When it comes to winning percentage, it basically talks about the number of profitable trades that are divided by the total number of trades. For example, if a trader profits 4 times from 5 trades, then the winning percentage is 80%.

Between a 50% and 90% winning rate, you will naturally think that the 90% winning rate is much better than 50%. But that does not necessarily true because what really matters, in the end, is the real value of each trade, not just the winning rate.

While that could make your trading performance look good, the truth is that the winning percentage does not have any significance on its own. It does not determine how efficient your trading is or how good you are as a trader. In fact, it is possible to have an 80% winning rate but still lose money in the end. In contrast, it is also possible to be profitable with only a 30% winning rate if you know how to make a profit efficiently and cut your losses short. But how can that be?

Take a look at the example below:

correlation between win percentage and the actual outcome of the trade

Based on the two examples above, we can see that a strategy with a 1:5 risk/reward ratio ends up getting profit with only a 30% winning rate. On the other hand, the other strategy ends up losing even with an 80% winning percentage because the risk to reward ratio is too small, only 1:1. So, in the end, we know that winning percentage does not determine how much profit you'll end up getting. Instead, you should pay attention to the risk to reward ratio of your trade.

 

The Ideal Winning Percentage

Now that you know winning percentage actually has little significance to your profitability, you shouldn't build your strategy on it. It's better to put your focus on the average risk-to-reward ratio instead. This is one of the most vital management skills to develop in forex trading as it can determine your actual profitability. It helps you to know where to place your stops and exits logically. So it would be best if you properly plan this out before you start trading.

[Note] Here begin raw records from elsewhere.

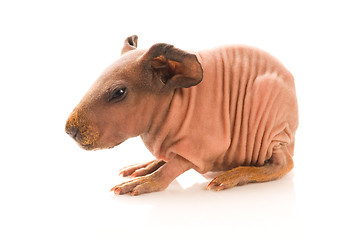 Image showing skinny guinea pig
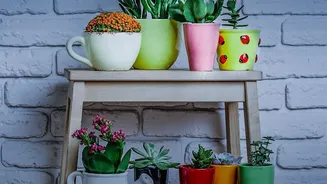 Rotating Indoor Plant Pots Does Not Fix Inadequate Light Or Poor Watering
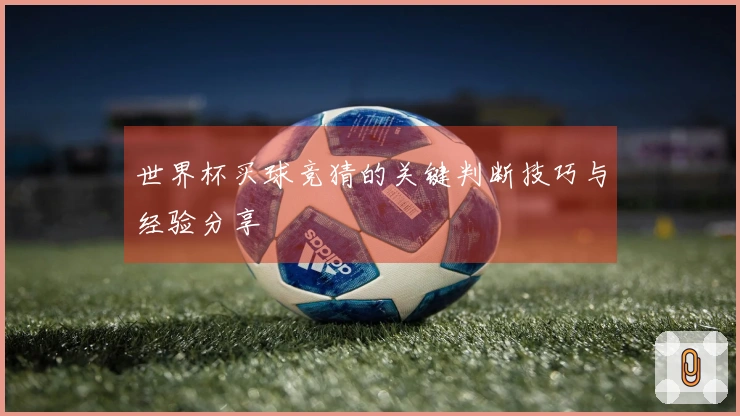 世界杯买球竞猜的关键判断技巧与经验分享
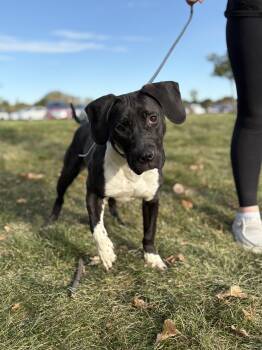 Rescue Labrador Retriever Dogs for Adoption in Zimmerman, Minnesota - Marie | PetCurious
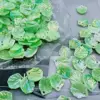 Aurore verte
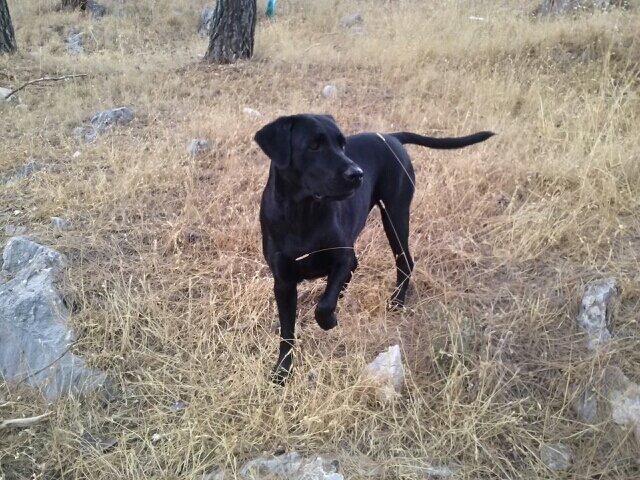 JoseNV3's profile picture. La igualdad en la riqueza consistirá en que ningun ciudadano sea tan opulento que pueda comprar a otro,ni ninguno tan pobre q se tenga q vender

The standard average risk-to-reward ratio is 1:2, which means that the value of each profit you get is twice bigger than the amount of each loss. What you need to master is to manage your losses relative to your wins. If you can consistently make more profit than loss, then you can still make a steady income. In this case, there's a simple mathematical formula that can determine the minimum winning percentage you need to make a profit:

Minimum Win Rate (%) = Risk ÷ (Risk + Reward) x 100

So let's say you set your risk-to-reward ratio of 1:2, then you only need to win 33% of your trades to break even. Exceed that win rate and you will be getting money.

1 ÷ (1 + 2) x 100 = 33%

Based on that formula, we can conclude that the higher your risk-to-reward ratio, the smaller your winning percentage needs to be. But it is also worth noting that a high risk/reward ratio is never easy to implement, so you should balance your strategy and try out different combinations to find the one that you're comfortable with.

A Singaporean trader, Rayner Teo, introduced a very useful formula that could calculate your expected average return based on your previous trades and winning percentage. You can also say that it shows you the expectancy level of your trade. Knowing the expectancy of the trade will help you to predict the direction of your trade, whether it's going in the positive (profitable) way, negative (loss), or break even. The formula is as follows:

Expectancy = ((1 + Average Win ÷ Average Loss)) x Win Rate - 1

Now let's try to imagine a realistic scenario and use the formulas to calculate the most possible outcome of the trade.

Winning Rate = (Winners ÷ Total Trade) x 100

Winning Rate = (15 ÷ 50) x 100

Winning Rate = 30%

Average Win = 2%

Average Loss = 1%

 

Minimum Winning Rate = Risk ÷ (Risk + Reward) x 100

Minimum Winning Rate = 1 ÷ (1 + 2) x 100

Minimum Winning Rate = 33%

 

Expectancy = ((1 + (Average Win ÷ Average Loss)) x Win Rate) - 1

Expectancy = ((1 + (2 ÷ 1)) x 0.30) - 1

Expectancy = 0.9 - 1

Expectancy = -0.1%

Based on the example above, the expectancy is negative, which means that for every 1% risk over the long term you can expect to lose an average of -0.1% of your trade. While the formulas are quite simple, it is definitely useful to manage your risk. As long as you keep the expectancy level positive and you exceed your minimum winning percentage, then you can relax a bit. Keep trading and trust your plan, you will eventually get return consistently as you expected.

 

The Psychology of Losing

Even if we already know the theory that with a high risk-to-reward ratio we only have to win a few times and should not stress on the losses so much, the chance that you're not going to be affected by the idea is slim.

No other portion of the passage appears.